### TASK ITEM
Print again, word for word, all of the records below, and leave the pictures out.
══════════
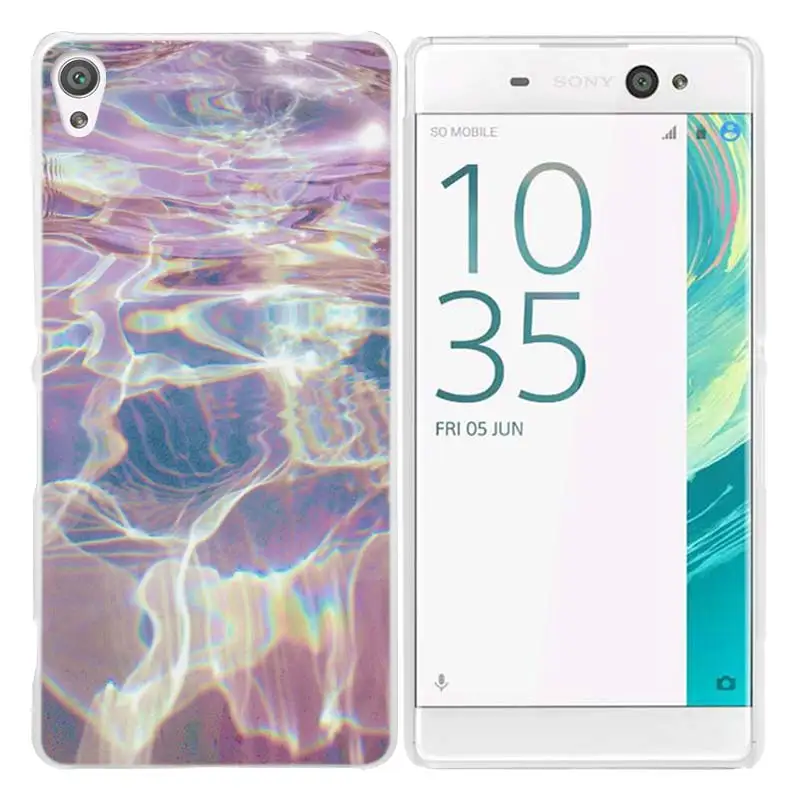 Мраморный футляр с камнями для sony Xperia XA XA1 X XZ Z5 Z1 Z2 Z3 M4 Aqua M5 E4 E5 C4 C5 Compact Premium Coque Прозрачный жесткий чехол из поликарбоната - Цвет: 01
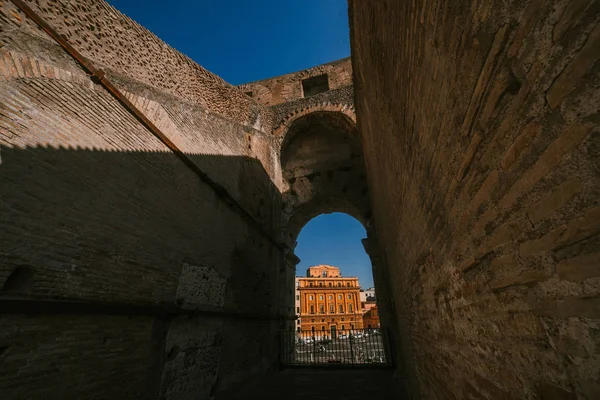 Roma Itália Setembro 2018 Arco Com Vista Para Cidade Dentro — Fotografia de Stock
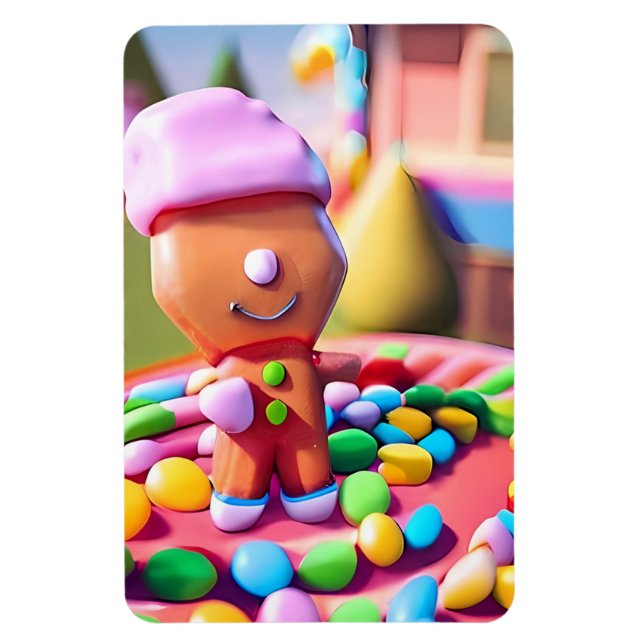 Imán El niño de Gingerbread hace bueno - Ken Gage Art (Vertical)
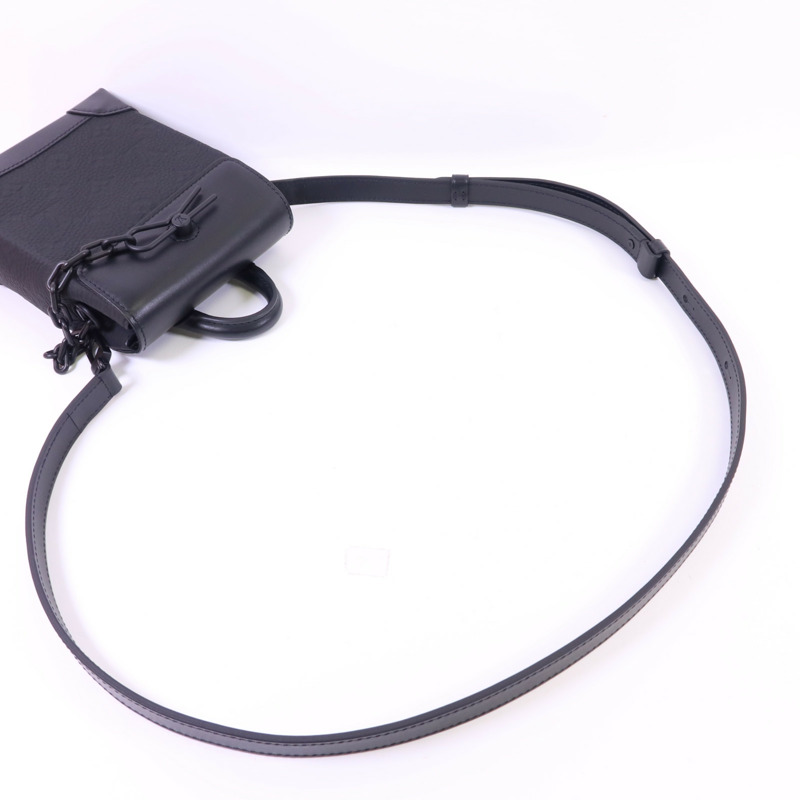 LOUIS VUITTON Monogram Taurillon Nano Steamer肩背袋-4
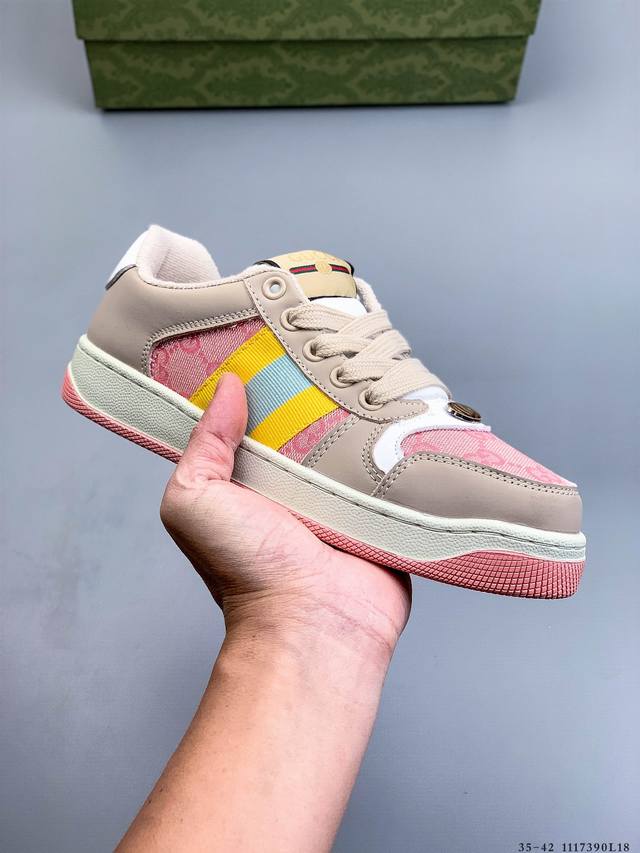 Gucci Distressed Screener Sneaker Official Synchronized Classic Original Retro V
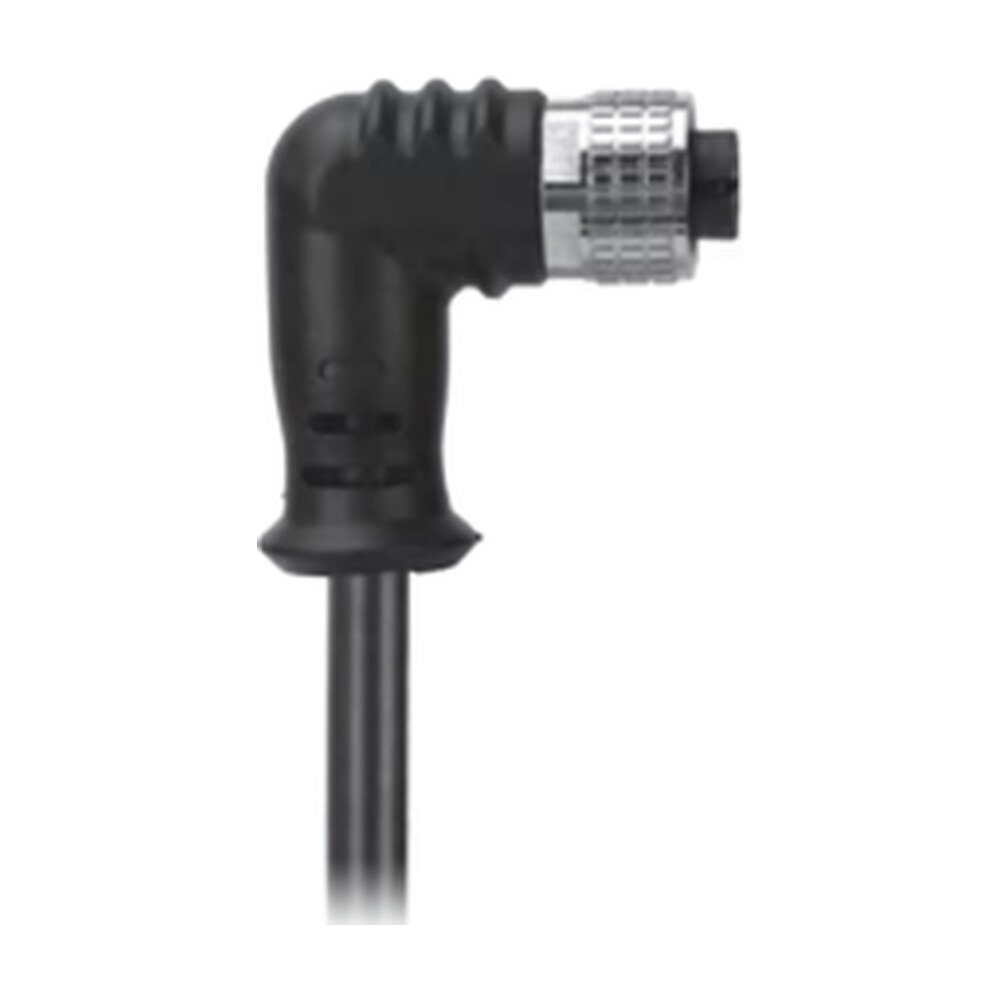 New M12 4 Pin Female Right Angle to Open End Cord set
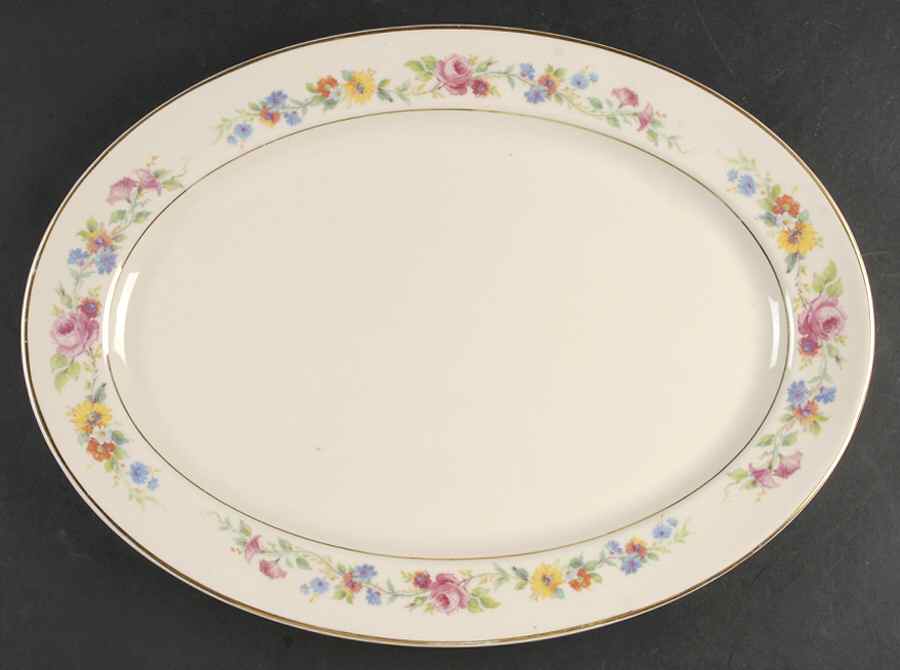 Cliftondale 16" Oval Serving Platter by Syracuse-1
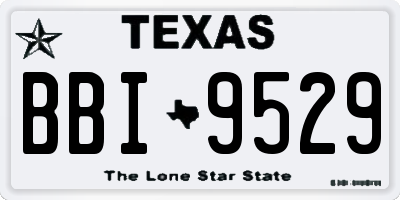 TX license plate BBI9529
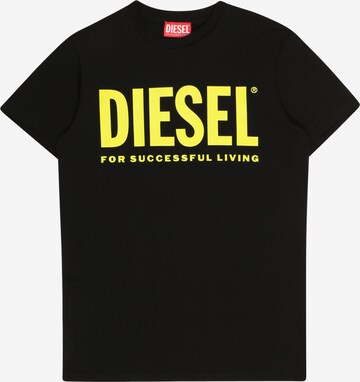 T-Shirt DIESEL en noir : devant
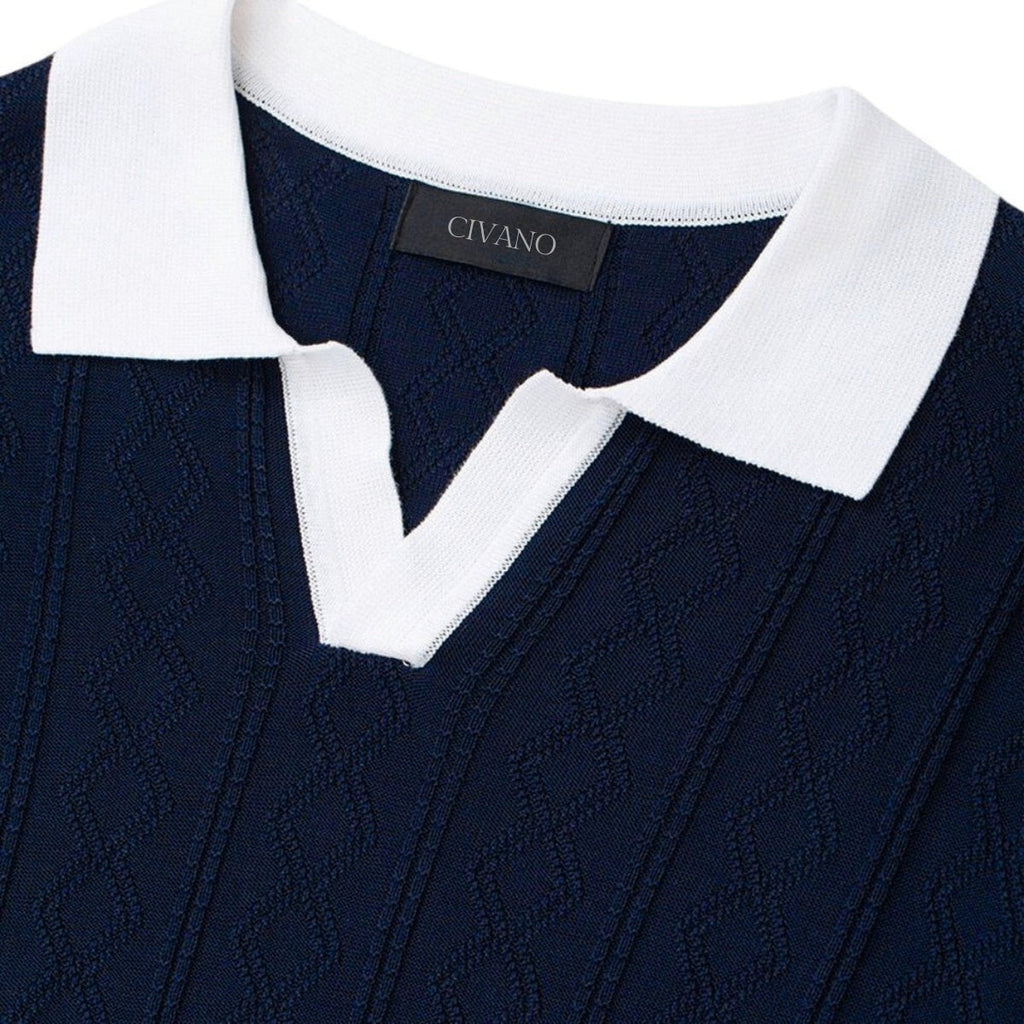Men's Polo Shirt Old Money La Martine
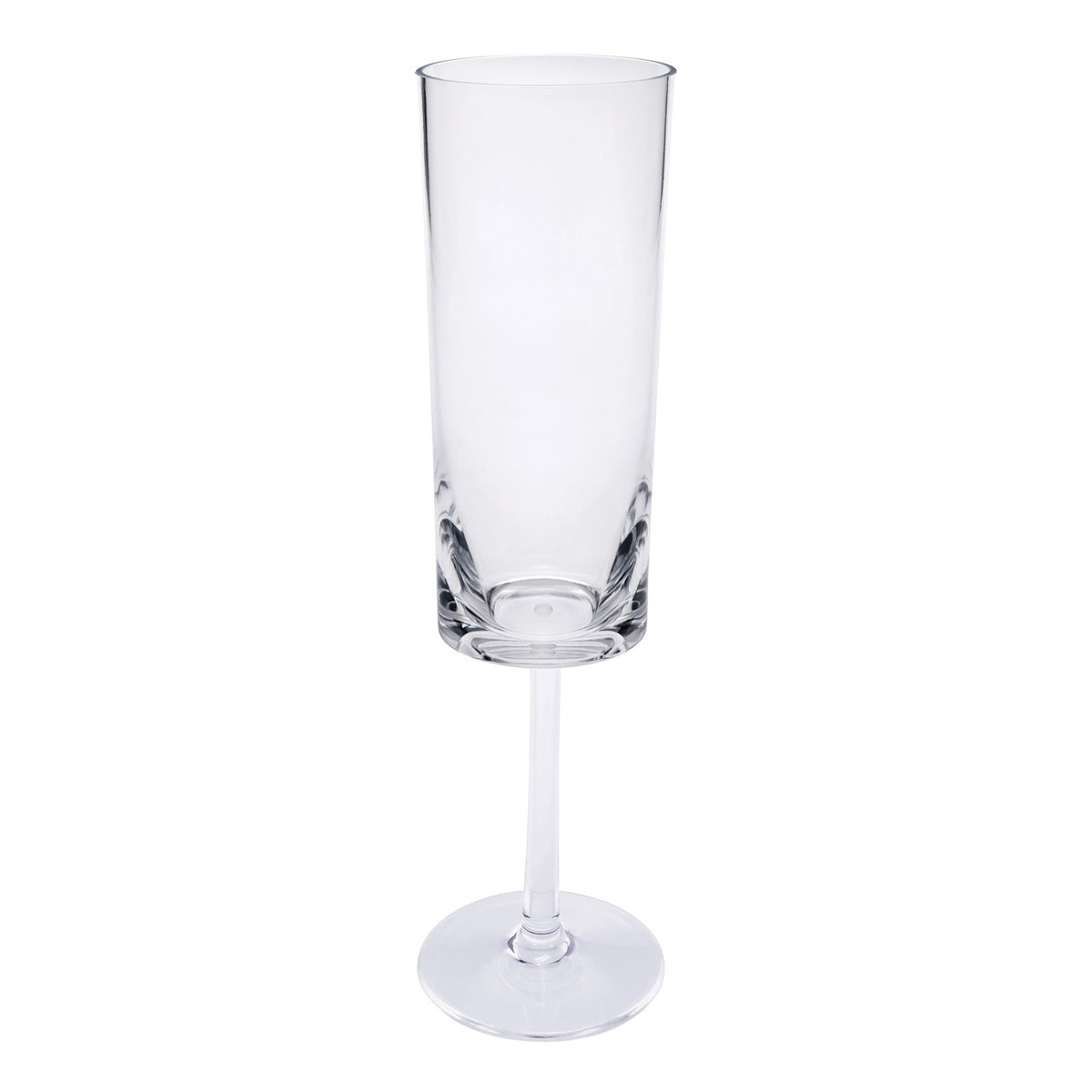 Oval Halo Plastic Champagne Flutes Set of 4 (4oz), Unbreakable Mimosa Glasses Plastic Champagne Glasses, Acrylic Wedding Champagne Flutes
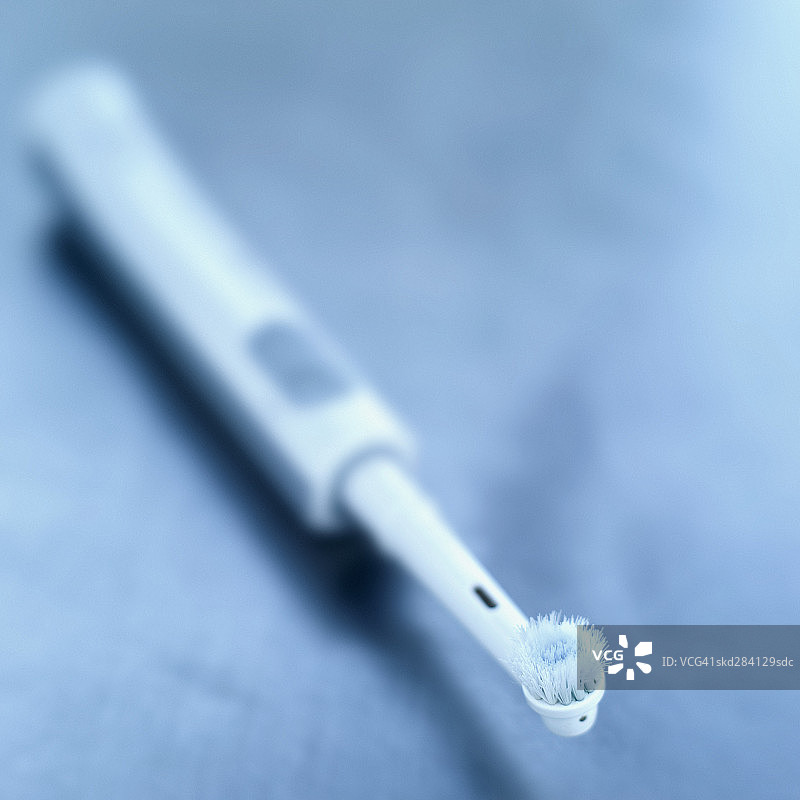 电动牙刷特写图片素材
══════════
### RESULT OF THIS EXERCISE
 Мраморный футляр с камнями для sony Xperia XA XA1 X XZ Z5 Z1 Z2 Z3 M4 Aqua M5 E4 E5 C4 C5 Compact Premium Coque Прозрачный жесткий чехол из поликарбоната - Цвет: 01
 Roma Itália Setembro 2018 Arco Com Vista Para Cidade Dentro — Fotografia de Stock
 Imán El niño de Gingerbread hace bueno - Ken Gage Art (Vertical)
 LOUIS VUITTON Monogram Taurillon Nano Steamer肩背袋-4
 Gucci Distressed Screener Sneaker Official Synchronized Classic Original Retro V
 New M12 4 Pin Female Right Angle to Open End Cord set
 Cliftondale 16" Oval Serving Platter by Syracuse-1
 TX license plate BBI9529
 T-Shirt DIESEL en noir : devant
Men's Polo Shirt Old Money La Martine
 Oval Halo Plastic Champagne Flutes Set of 4 (4oz), Unbreakable Mimosa Glasses Plastic Champagne Glasses, Acrylic Wedding Champagne Flutes
 电动牙刷特写图片素材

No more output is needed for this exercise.